UNEMBARGOED: Thabo Mbeki misses the point on the Khampepe report

BY SONGEZO ZIBI

WHILE the attentions of the South African public were occupied by events in Parliament, in Ferguson, Missouri and elsewhere, the ousted former president of the republic, Thabo Mbeki, penned a long Dear John letter to the Mail & Guardian. He is very unhappy and, in his eloquent style, went on to explain why, as preordained, he was right and the Mail & Guardian was wrong to accuse him of conniving to subvert democracy in Zimbabwe during the 2002 presidential elections.

The weekly has been fighting a protracted legal battle to lay its hands on a report handed over to Mr Mbeki by judges Dikgang Moseneke and Sisi Khampepe. Both are now respected members of the Constitutional Court. Mr Mbeki, like his successors President Jacob Zuma and caretaker president Kgalema Motlanthe, decided it should never see the light of day.

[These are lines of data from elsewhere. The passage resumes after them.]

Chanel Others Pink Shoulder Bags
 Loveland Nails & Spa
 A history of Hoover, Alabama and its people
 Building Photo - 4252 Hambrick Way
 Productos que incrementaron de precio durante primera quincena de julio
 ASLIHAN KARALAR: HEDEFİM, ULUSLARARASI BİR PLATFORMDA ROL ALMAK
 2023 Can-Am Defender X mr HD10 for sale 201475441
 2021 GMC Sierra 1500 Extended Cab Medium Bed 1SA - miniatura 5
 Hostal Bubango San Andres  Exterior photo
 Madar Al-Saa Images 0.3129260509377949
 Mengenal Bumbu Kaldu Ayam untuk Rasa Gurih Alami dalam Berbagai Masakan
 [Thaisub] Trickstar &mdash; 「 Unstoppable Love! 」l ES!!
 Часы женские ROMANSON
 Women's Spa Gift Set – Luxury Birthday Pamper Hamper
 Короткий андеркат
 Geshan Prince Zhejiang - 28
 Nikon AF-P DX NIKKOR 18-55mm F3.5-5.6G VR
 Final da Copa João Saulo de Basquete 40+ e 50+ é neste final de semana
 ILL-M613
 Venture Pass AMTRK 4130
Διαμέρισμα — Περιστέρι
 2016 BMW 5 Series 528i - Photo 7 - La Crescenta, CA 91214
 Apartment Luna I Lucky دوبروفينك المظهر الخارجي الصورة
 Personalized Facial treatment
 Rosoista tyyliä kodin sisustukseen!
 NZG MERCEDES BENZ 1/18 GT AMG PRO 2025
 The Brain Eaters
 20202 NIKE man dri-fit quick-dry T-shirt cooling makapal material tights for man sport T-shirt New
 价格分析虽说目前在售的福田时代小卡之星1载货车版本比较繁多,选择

The Constitutional Court finally decided they were wrong, and the Mail & Guardian was correct to say that the 27-page document was public property. During the course of the litigation, important clarifications by the courts were made, in particular in the earlier judgment by the Constitutional Court. In it, former chief justice Sandile Ngcobo emphasised that government information must be regarded as public unless the government has compelling reasons why a piece of information should not be publicised.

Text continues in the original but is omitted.